→ **ENTRIES SUPPLIED**:
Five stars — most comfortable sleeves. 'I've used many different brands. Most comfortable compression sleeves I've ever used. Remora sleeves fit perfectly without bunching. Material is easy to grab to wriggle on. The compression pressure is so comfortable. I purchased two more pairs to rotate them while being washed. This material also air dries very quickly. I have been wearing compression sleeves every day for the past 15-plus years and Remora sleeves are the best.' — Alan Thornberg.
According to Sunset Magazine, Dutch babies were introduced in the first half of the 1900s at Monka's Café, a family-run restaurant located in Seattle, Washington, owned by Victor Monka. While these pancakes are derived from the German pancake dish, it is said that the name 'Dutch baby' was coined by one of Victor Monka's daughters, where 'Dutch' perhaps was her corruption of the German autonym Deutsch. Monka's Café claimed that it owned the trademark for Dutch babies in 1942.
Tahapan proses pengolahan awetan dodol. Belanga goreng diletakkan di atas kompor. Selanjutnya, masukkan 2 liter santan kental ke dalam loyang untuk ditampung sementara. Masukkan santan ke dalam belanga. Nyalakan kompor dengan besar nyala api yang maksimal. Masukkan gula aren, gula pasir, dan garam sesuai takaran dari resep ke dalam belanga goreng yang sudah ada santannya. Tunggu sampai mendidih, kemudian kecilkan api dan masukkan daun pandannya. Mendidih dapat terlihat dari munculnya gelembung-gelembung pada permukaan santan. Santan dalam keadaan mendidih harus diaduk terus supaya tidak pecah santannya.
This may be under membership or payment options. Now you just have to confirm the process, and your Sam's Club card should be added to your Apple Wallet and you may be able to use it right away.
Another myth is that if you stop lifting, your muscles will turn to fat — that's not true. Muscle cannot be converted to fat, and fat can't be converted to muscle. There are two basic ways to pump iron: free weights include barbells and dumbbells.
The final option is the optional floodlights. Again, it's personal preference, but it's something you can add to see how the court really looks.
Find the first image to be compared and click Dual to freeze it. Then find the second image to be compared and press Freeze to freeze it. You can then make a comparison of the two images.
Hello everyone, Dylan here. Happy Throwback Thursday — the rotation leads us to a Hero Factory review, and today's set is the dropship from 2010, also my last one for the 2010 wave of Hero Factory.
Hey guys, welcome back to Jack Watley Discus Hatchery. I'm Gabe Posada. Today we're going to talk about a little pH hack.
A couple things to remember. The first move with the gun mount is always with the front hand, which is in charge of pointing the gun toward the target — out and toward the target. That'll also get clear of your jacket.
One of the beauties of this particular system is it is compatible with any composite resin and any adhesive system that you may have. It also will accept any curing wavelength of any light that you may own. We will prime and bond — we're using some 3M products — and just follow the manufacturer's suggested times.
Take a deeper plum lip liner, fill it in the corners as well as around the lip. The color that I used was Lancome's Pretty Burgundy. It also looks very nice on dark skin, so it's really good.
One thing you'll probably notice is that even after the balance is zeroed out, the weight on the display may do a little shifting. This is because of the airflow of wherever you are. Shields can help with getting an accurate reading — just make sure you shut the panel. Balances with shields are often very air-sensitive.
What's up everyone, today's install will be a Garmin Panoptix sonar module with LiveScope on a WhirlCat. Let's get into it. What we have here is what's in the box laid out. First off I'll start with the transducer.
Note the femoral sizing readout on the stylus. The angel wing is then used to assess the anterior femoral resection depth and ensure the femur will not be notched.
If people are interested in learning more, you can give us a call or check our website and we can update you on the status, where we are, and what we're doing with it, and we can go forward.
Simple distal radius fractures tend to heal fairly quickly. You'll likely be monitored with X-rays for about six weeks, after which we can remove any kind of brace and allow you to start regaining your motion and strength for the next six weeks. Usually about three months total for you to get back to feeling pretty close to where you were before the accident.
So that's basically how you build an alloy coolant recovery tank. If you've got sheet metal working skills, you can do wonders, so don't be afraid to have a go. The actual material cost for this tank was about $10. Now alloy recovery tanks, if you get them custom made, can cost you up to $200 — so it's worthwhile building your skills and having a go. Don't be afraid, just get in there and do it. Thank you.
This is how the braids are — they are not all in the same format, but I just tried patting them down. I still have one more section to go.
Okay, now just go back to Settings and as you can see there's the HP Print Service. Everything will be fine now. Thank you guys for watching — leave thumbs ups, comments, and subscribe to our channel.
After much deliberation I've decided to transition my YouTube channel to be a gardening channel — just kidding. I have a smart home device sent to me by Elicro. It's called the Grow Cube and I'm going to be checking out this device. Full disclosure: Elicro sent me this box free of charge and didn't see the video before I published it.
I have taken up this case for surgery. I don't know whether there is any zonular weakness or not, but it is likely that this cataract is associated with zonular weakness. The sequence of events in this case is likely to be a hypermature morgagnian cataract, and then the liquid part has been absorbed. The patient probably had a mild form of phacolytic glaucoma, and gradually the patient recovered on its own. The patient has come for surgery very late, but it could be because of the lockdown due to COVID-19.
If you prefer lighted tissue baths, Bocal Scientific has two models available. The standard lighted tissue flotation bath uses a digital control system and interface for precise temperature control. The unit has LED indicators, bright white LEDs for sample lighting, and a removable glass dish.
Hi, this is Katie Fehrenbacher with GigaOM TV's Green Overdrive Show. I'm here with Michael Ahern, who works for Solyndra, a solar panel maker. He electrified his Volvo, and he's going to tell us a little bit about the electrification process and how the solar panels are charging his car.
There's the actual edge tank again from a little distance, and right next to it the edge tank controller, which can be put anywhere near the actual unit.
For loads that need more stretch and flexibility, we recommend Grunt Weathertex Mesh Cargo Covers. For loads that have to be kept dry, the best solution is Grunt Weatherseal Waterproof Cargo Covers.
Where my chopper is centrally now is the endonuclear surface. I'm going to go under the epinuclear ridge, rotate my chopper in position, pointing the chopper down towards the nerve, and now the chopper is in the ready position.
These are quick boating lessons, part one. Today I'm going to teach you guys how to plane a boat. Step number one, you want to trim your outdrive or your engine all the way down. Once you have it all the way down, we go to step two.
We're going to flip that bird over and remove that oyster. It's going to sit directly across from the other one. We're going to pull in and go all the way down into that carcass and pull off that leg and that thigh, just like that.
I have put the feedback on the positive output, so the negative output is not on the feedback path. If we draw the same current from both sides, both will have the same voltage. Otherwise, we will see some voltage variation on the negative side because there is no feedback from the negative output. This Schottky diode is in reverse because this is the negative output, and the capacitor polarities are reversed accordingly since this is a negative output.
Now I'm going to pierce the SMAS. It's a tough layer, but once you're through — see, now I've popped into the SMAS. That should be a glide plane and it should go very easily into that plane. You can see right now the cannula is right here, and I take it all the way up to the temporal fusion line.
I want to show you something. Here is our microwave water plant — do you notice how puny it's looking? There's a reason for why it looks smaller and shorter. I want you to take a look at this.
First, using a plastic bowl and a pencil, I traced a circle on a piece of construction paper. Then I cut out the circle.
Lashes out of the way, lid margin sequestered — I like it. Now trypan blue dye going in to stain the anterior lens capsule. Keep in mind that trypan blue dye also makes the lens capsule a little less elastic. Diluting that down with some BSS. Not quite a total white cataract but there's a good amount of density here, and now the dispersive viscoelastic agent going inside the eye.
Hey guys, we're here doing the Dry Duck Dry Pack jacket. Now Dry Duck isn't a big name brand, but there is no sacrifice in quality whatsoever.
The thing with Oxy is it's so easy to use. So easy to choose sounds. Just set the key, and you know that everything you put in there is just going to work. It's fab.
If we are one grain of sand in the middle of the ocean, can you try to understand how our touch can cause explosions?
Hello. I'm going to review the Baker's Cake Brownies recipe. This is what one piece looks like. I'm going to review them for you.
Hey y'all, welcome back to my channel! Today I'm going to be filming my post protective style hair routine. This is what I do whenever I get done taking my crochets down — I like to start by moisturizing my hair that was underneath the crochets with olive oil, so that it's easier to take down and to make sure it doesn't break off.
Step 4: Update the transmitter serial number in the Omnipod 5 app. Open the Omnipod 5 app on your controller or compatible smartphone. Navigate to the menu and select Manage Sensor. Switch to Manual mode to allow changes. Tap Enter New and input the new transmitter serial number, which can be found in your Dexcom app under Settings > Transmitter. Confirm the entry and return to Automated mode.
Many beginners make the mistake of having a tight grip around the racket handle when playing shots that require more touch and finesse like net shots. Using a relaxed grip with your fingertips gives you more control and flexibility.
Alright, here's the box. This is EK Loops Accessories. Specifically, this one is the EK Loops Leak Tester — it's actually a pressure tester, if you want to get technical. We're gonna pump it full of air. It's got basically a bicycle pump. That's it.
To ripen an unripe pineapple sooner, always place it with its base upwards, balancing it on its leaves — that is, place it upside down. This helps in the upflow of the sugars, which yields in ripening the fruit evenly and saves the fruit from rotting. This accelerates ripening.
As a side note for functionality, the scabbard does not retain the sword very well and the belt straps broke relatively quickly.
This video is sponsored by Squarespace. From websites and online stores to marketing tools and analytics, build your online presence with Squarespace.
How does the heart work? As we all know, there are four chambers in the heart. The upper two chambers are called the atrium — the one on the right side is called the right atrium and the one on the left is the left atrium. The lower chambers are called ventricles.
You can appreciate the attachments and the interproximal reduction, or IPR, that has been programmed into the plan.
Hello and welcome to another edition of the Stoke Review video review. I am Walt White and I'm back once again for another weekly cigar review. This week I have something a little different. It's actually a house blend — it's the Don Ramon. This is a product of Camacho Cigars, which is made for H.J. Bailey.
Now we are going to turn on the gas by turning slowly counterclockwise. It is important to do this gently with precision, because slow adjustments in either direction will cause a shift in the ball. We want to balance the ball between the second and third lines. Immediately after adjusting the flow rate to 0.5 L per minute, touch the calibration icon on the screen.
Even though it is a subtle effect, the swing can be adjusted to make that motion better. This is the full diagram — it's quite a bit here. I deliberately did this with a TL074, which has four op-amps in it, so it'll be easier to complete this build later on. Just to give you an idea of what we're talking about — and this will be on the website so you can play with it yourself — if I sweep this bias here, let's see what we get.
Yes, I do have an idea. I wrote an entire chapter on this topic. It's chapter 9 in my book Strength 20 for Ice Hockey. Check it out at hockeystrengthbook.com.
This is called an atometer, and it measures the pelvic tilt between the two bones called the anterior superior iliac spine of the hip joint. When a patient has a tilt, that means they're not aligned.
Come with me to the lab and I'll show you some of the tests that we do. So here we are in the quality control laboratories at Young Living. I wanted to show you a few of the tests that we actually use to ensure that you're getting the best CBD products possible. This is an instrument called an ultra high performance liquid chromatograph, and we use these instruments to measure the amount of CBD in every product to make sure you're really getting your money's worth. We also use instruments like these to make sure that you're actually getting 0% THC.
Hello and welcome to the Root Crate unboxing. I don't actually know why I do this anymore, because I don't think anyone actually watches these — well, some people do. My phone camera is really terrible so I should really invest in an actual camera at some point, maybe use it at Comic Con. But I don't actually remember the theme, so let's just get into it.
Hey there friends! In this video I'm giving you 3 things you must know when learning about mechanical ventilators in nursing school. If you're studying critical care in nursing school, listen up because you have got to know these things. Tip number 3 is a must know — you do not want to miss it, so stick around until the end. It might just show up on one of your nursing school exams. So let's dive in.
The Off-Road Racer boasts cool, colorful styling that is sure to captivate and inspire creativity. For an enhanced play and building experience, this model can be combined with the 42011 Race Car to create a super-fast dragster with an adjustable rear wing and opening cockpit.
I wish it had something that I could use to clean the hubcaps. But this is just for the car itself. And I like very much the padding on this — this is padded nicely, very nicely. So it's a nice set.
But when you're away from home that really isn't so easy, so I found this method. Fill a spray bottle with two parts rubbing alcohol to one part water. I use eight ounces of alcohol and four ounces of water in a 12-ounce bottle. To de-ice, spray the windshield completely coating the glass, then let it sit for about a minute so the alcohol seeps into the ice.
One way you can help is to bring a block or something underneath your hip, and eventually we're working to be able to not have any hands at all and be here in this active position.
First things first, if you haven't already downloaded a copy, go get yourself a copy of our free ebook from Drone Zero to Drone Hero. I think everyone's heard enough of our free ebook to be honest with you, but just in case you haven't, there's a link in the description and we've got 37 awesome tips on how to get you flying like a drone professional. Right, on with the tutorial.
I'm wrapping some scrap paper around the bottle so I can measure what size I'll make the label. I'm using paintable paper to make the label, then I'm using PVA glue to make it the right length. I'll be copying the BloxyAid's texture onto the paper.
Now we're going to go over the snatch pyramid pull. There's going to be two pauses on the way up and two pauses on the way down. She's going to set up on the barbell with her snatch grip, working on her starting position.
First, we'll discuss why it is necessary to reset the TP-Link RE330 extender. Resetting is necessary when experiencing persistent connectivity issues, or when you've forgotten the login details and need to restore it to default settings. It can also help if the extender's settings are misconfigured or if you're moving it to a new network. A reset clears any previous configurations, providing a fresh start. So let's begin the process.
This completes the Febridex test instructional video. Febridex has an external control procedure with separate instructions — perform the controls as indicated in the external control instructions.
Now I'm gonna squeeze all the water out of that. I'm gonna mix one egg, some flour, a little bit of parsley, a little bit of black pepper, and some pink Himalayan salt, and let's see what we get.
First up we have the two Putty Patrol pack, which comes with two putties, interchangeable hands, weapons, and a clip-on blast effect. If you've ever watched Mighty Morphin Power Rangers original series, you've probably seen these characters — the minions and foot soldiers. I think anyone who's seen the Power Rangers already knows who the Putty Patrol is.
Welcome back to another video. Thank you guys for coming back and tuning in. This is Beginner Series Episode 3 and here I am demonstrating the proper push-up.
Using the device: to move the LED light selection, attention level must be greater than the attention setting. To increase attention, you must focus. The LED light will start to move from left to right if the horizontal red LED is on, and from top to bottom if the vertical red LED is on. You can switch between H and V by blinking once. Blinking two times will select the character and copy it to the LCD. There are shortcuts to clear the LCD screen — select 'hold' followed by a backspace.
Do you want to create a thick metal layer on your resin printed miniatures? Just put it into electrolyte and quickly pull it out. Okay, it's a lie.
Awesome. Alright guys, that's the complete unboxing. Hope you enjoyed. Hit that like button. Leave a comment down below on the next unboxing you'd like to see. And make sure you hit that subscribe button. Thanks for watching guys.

→ **WHAT THE TASK REQUIRES**: Determine the count of lines that include the word "subscribe" in the listing, and state nothing but that count.

→ **SOLUTION TO THIS EXERCISE**: 2